**Stored data:**

----------------------------------------

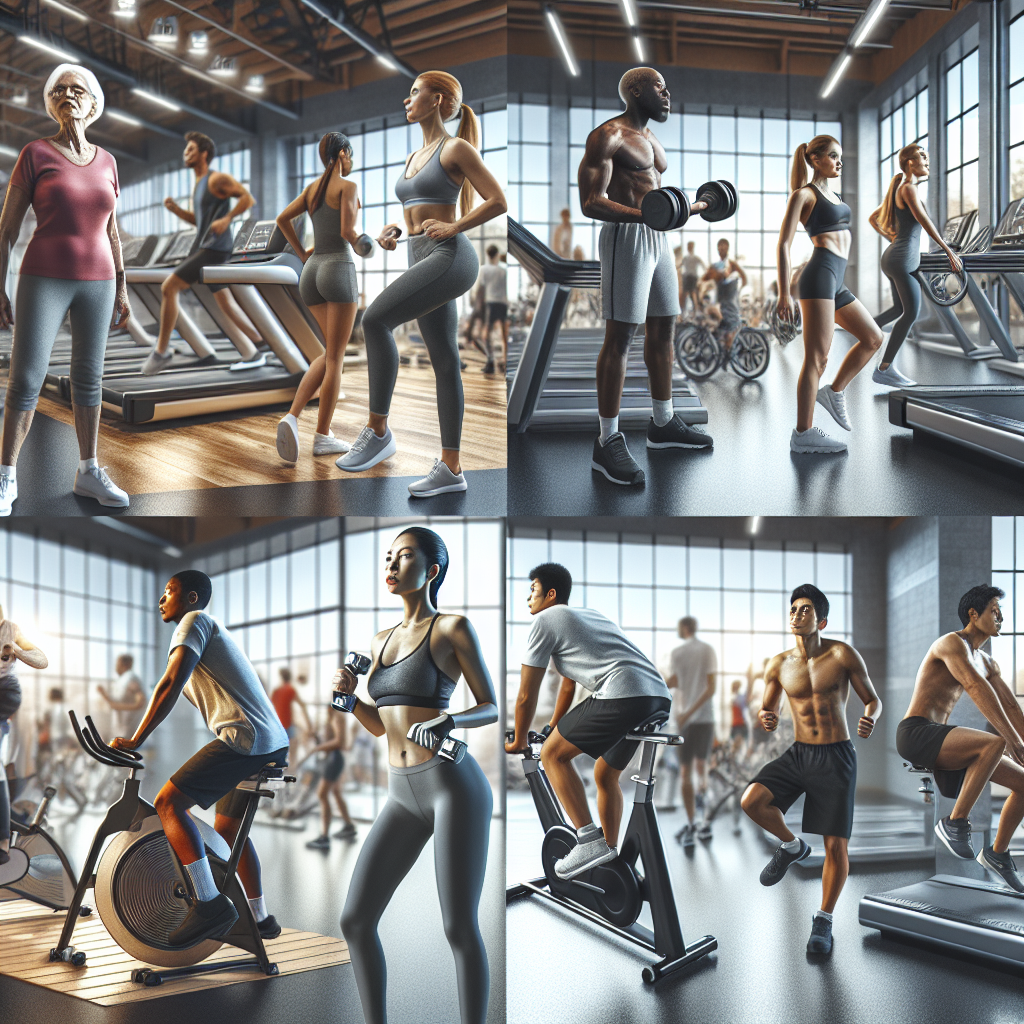 People of various backgrounds doing different workouts in a gym, illustrating an energetic and motivating fitness environment.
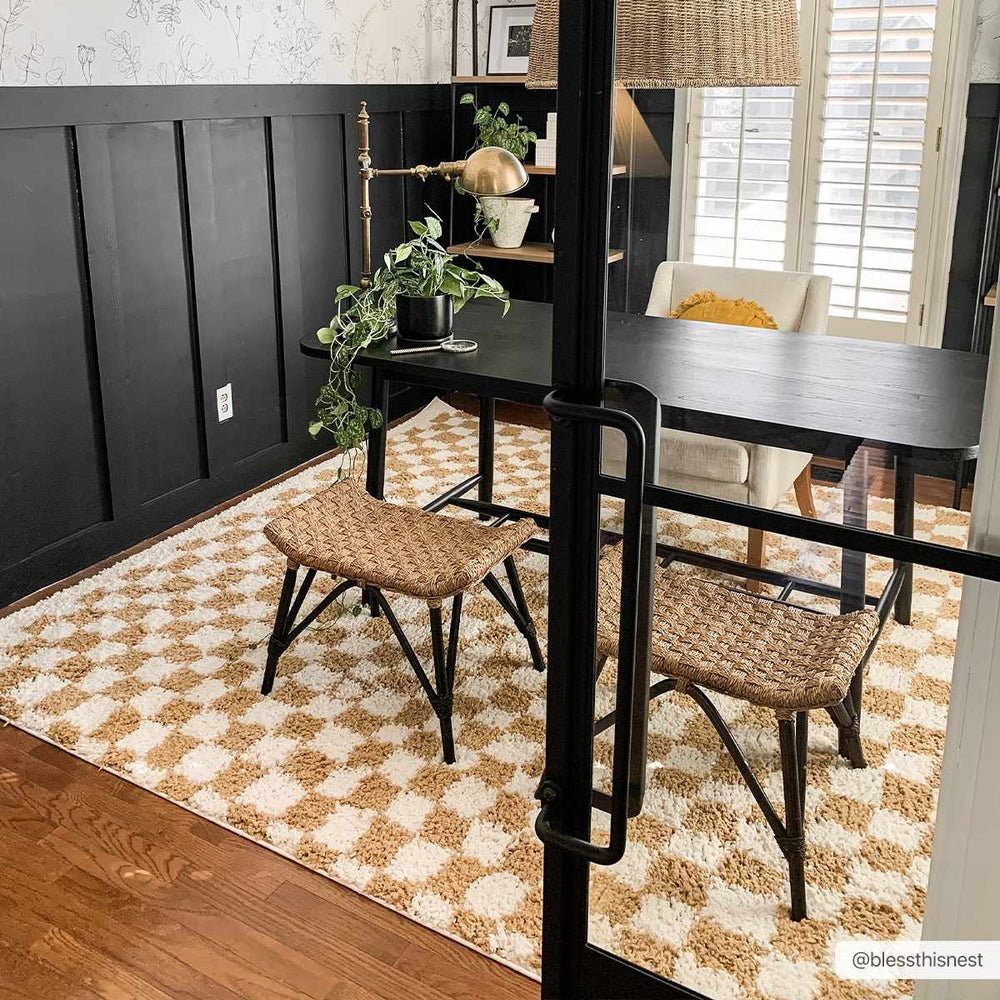 
                      
                        Kieu Yellow & White Checkered Area Rug
                      
                    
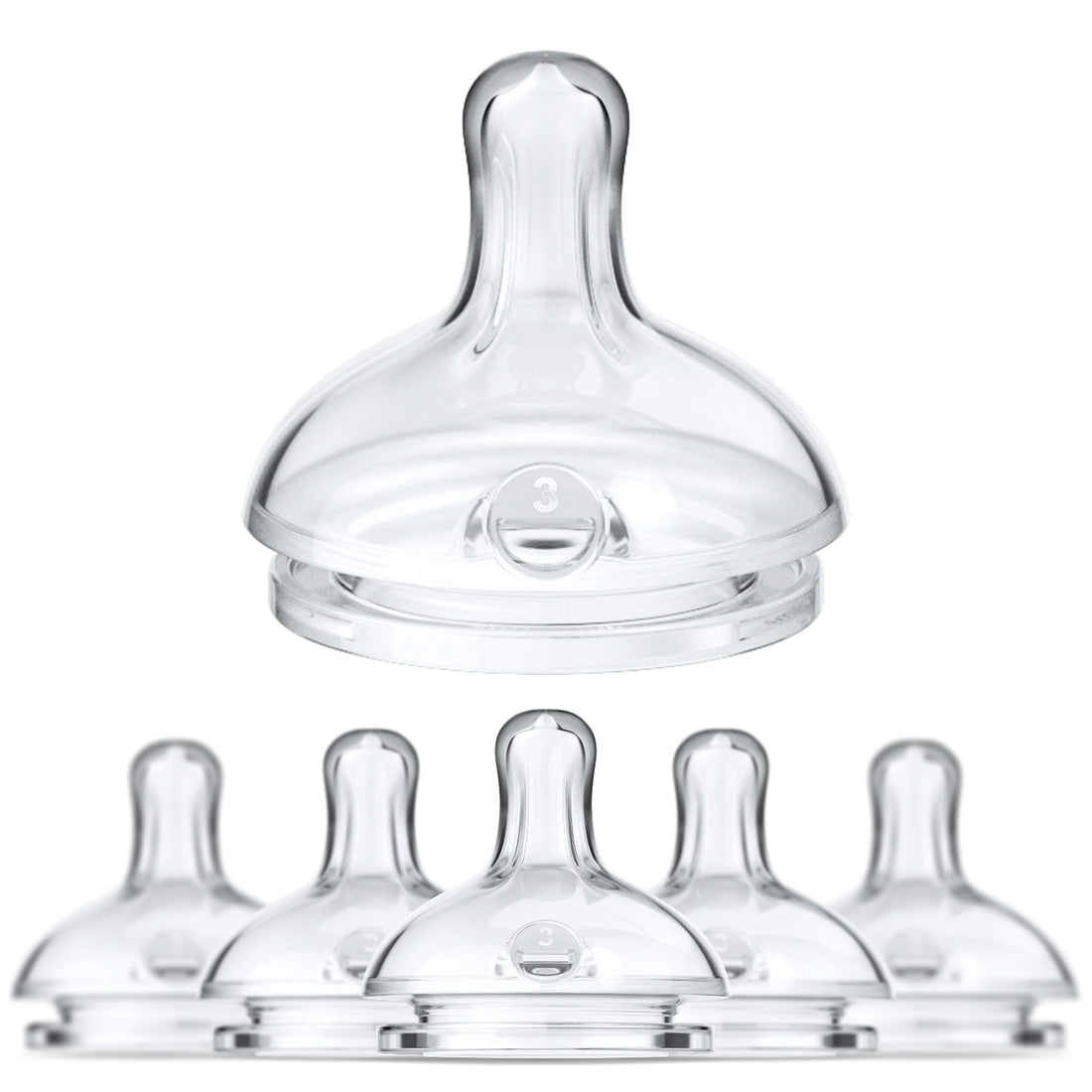 Smilo Anti-Colic Bottle Nipple, Fast Flow 9M+, Stage 3 Suitable from 9 Months, Smooth Flow Anti-Colic (Pack of 6)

----------------------------------------

**Task directions:** Excluding images, output exactly the lines from the one that holds "Kieu Yellow &" through the final line of the material, both ends included.

**Solution:**
                        Kieu Yellow & White Checkered Area Rug
                      
                    
 Smilo Anti-Colic Bottle Nipple, Fast Flow 9M+, Stage 3 Suitable from 9 Months, Smooth Flow Anti-Colic (Pack of 6)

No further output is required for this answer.